Amandine Paillasse, marqueterie de bois et paille, en vitrine sur le “Rocher”
Parmi les sélectionnés cités par ICI, Amandine Paillasse incarne une nouvelle génération d’artisans d’art installés en milieu rural. Elle travaille la marqueterie de bois et de paille, et réalise des ornements en feuilles de bois ou en paille de seigle, selon ICI.

Son parcours est aussi un indicateur de la dynamique locale. ICI précise qu’elle est basée depuis avril 2024 à Montreuil-Poulay. L’installation récente compte, parce qu’une sélection de ce type peut accélérer la notoriété d’un atelier encore jeune, surtout quand l’événement se déroule hors région, sur un territoire très médiatisé.
La principale intéressée résume l’état d’esprit, toujours selon ICI, Ce n’est pas tous les jours qu’on est invité à se rendre dans une principauté. Et puis ça m’intéresse de mettre un pied dans un monde qui n’est pas le mien, et de créer des liens avec les autres territoires, il y a sept villes partenaires. On m’a dit que le Prince Albert fait un tour de tous les stands et il y a un dîner avec lui.
Dans cette phrase, deux choses ressortent.
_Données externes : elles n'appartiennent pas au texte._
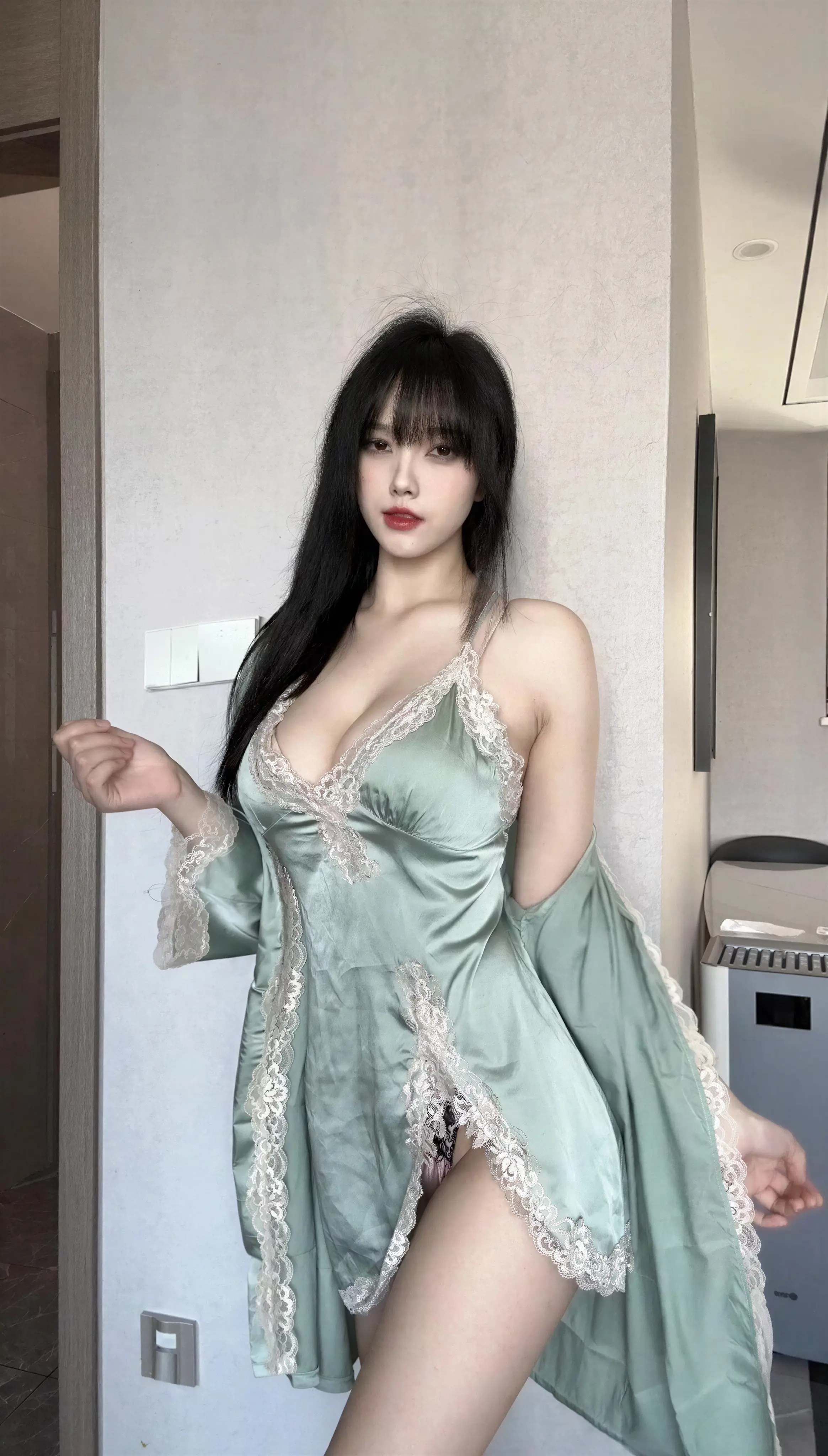 琳铛 – 性感蕾丝情趣睡衣 8P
D’abord, l’écart entre l’univers quotidien d’un atelier et celui de Monaco, qui crée un effet de contraste. Ensuite, l’enjeu relationnel, “créer des liens”, qui renvoie à une diplomatie des territoires à petite échelle. Le problème? Sans continuité derrière, la vitrine reste une photo. Avec des contacts, elle devient un levier.
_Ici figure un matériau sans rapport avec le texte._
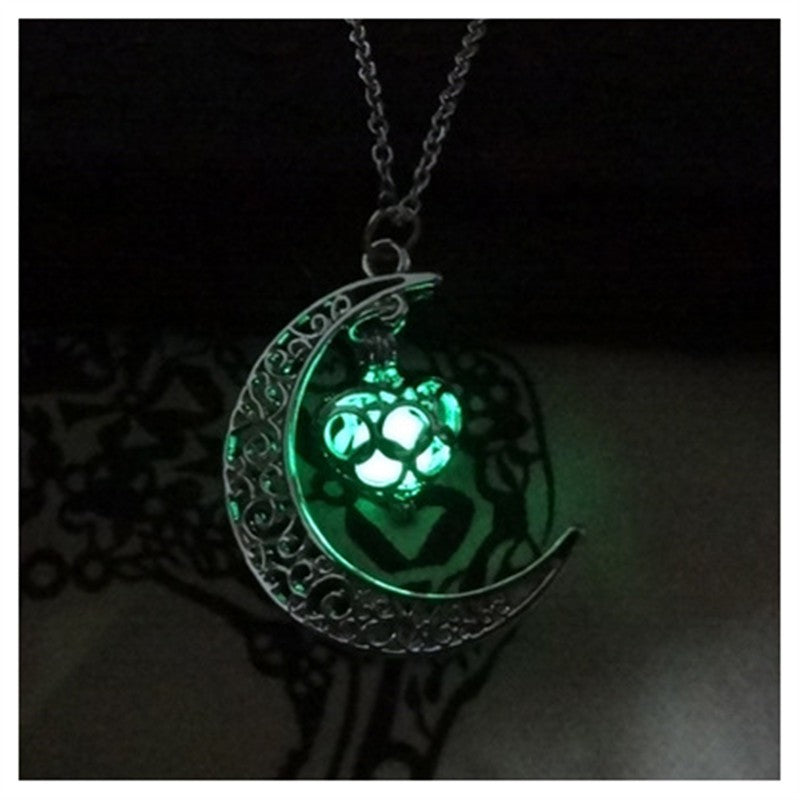 Glowing Pendant Necklaces Silver Plated Chain Necklace - Kaldas Online Shopping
Une sélection qui parle de métiers d’art et d’attractivité territoriale
ICI parle de plusieurs artisans d’art de Mayenne, officiellement sélectionnés pour l’événement monégasque. Le format est celui d’une délégation, pas d’une démarche individuelle isolée. Et ce détail change la lecture, il ne s’agit pas seulement de vendre ou d’exposer, il s’agit de porter une image de territoire, de montrer des gestes, des matières, une manière de produire.
Cette logique colle à une tendance plus large, les métiers d’art cherchent des scènes où le récit compte autant que l’objet. Connaissance des Arts, dans sa rubrique dédiée aux savoir-faire, montre un paysage où l’actualité des métiers d’art se structure autour d’expositions, de formations, de portraits d’ateliers et de sélections d’événements. Le point commun, la mise en avant du geste, de la transmission et de la singularité des pièces.
Monaco offre un cadre particulier à cette mise en scène. La Principauté est associée à un imaginaire de prestige, ce qui peut servir des artisans d’art, mais impose aussi un niveau d’exigence sur la présentation. Concrètement, il faut savoir expliquer, démontrer, raconter la matière et la technique en quelques minutes, à un public qui passe vite et compare beaucoup.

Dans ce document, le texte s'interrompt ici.